Kishore’s Law – From Commodity Trading to Capacity Leasing

Having seen why the average Indian software programmer can be validly considered as a commodity, let us now compare (and contrast) typical commodity trade with the Indian software industry. In this process, some significant differences emerge which at first sight seem to prove that the Indian software industry does not indulge in commodity trade.

I take the position that the similarities outweigh the differences and the Indian software industry needs to implement certain specific model changes to move away from a commodity trade.

Let us first look at how commodities are sold. Commodities are sold outright in the spot market (the futures market is irrelevant for this discussion). This means ownership changes hand as a result of the trade. In contrast, the software service industry engages in a capacity leasing model. This is a major difference.

In a leasing model, an Indian software company enters into agreements with customers (typically outside India) to lease out infrastructure, people and supporting processes over a finite period of time. In other words, deals are structured as capacity lease agreements.
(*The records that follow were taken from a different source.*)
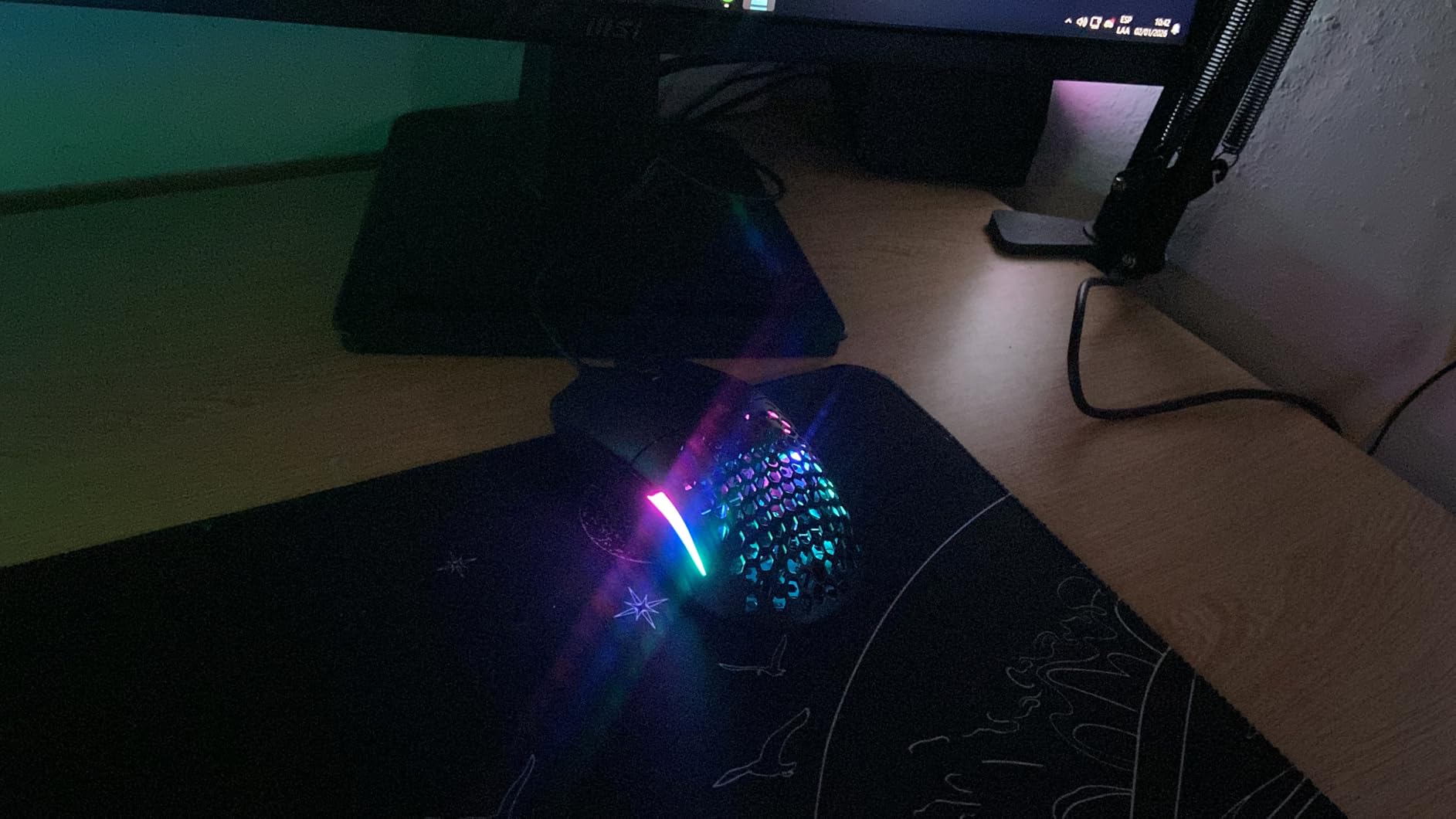 Glorious Model O Eternal Ultralight RGB Gaming Mouse - Wired - 55g Lightweight - 6 Programmable Buttons - Symmetrical Design - 12K DPI customer photo 1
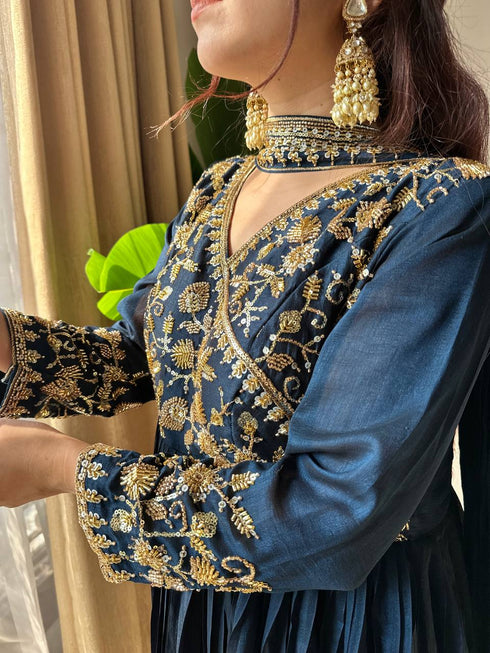 Gulnaar Blooming Vichitra Pant Set – Where Elegance Meets Royalty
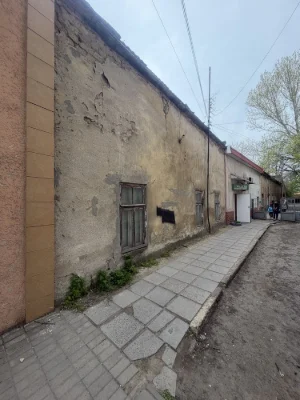 Продам часть дома Центр города.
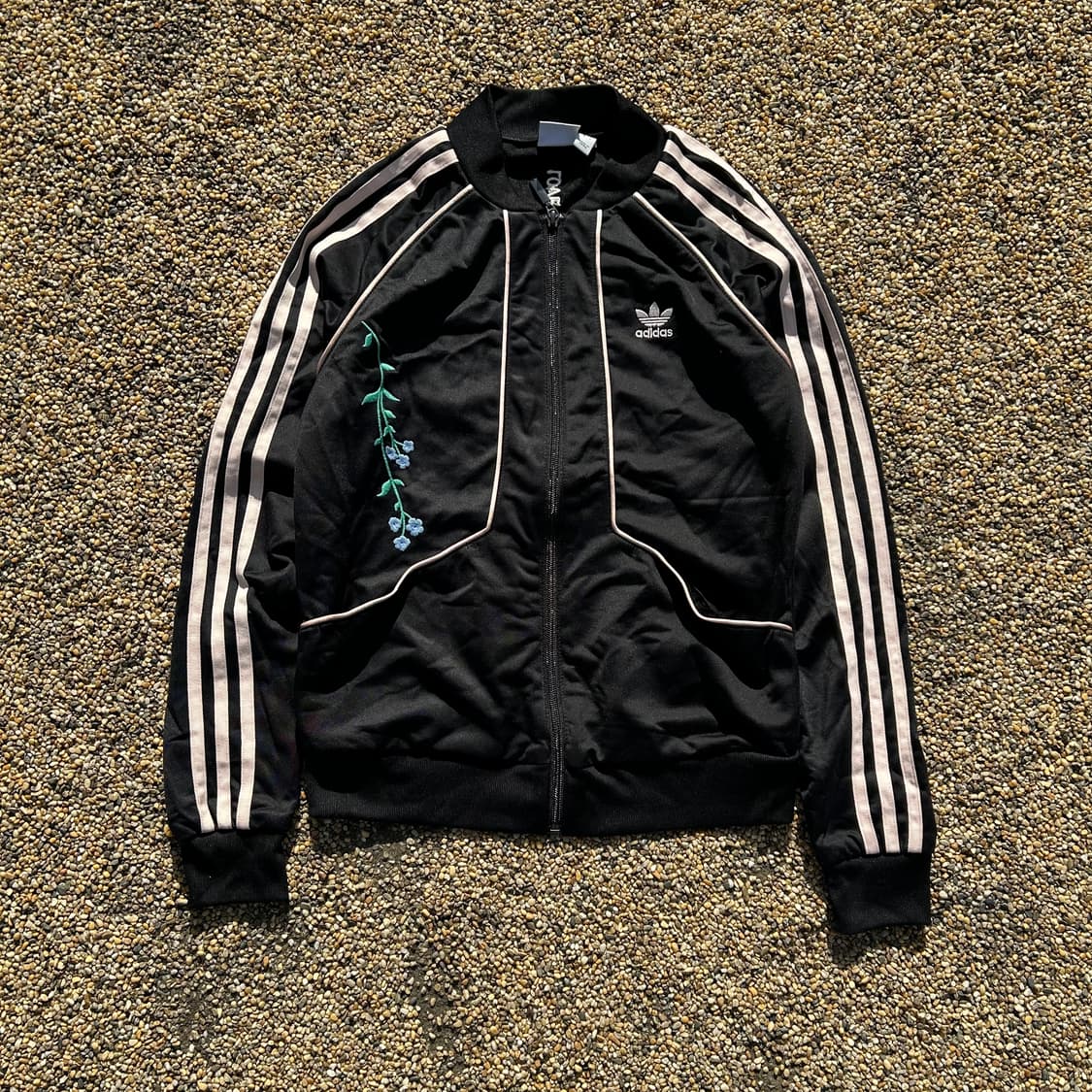 아디다스(ADIDAS)슈퍼스타 자수 트랙탑 져지 상품이미지1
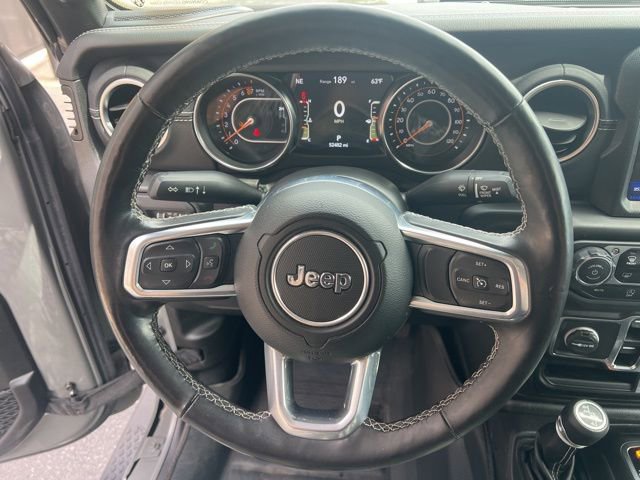 Used 2022 Jeep Gladiator Overland w/ Popular Equipment Package image 10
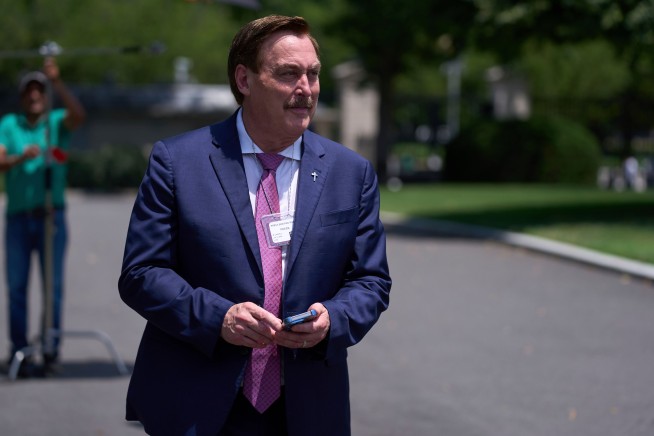 Pentagon Announces Replacement Press Corps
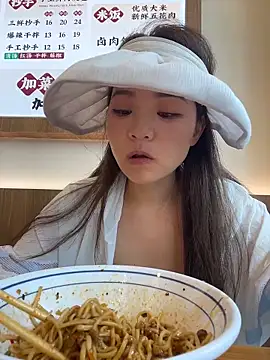 xiaochengzi505 现场性爱视讯表演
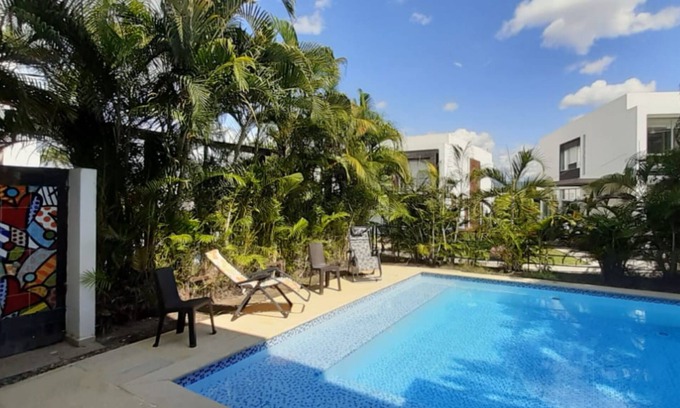 Girardot House | Private Casa Quinta with Pool & Spa in Lagos del Peñón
This model is clearly far superior to a one-time sale model. In this model, the same individual can earn repeat revenue for the company. Multiple, concurrent billing to different customers is usually avoided by all reputed players (think of this as “serial monogamy”!).

At the same time, this model is far more complicated than a straight commodity sale and hence far too respectable to be classified as “body-shop”.

How does commodity transform into capacity? This takes two types of investments:

  • investment in infrastructure and
  • investment in supporting engineering processes

The investment in infrastructure is impressive and visible for all to see. Most customers who use the services of the Indian vendors do not have such facilities themselves! Moreover, no commodity trader anywhere in the world has ever created such infrastructure for his commodities!

The investment in processes conformance has tangible representations in the form of ISO and CMM certifications. This investment, more than the infrastructure, has gone a long way in building the confidence of the leasers in the capacity that is being leased out.

The following equation represents this transformation of commodity to capacity.

Capacity = Commodity + Campus + Conformance

- Kishore’s Law

Both these investments clearly elevate the Indian software play far above a straight commodity trade play. The sheer scale of these investments (thousands of acres of campus space spread across multiple cities and now even countries; and tens of thousands of people trained to conform to ISO and CMM processes) raises this capacity leasing business far above a straight commodity trade.

Yet, a swing back to commoditization occurs due to one crucial aspect of most such capacity leasing deals – a lack of accountability for, and worse, interest in, the final results.

A typical commodity seller takes no ownership for how his commodity is used by the buyer, post-sale. For example, someone who sells potatoes does not concern himself with what the buyer uses the potatoes for – to cook and eat, to eat raw, to make potato chips, whatever.

Most Indian software companies are in danger of falling into this mind-set. It is only too easy (and tempting) to not really care what the capacity they have leased out is being used for by the customer, as long as the revenue pours in. The middle managers in the leasing organizations also have a vested interest in keeping the leased capacity suitably low down the value chain – programming as opposed to design; execution as opposed to planing; following as opposed to leading.

With the ongoing crisis in world financial markets (which is sure to become a widespread global economic slump in the coming quarters) and a resulting vendor focus on utilization and billability (and buyer focus on job security), there is every likelihood that this tendency will continue. Vendors who avoid this tendency and voluntarily restructure their contracts to take accountability for final results stand to gain significant mind-share.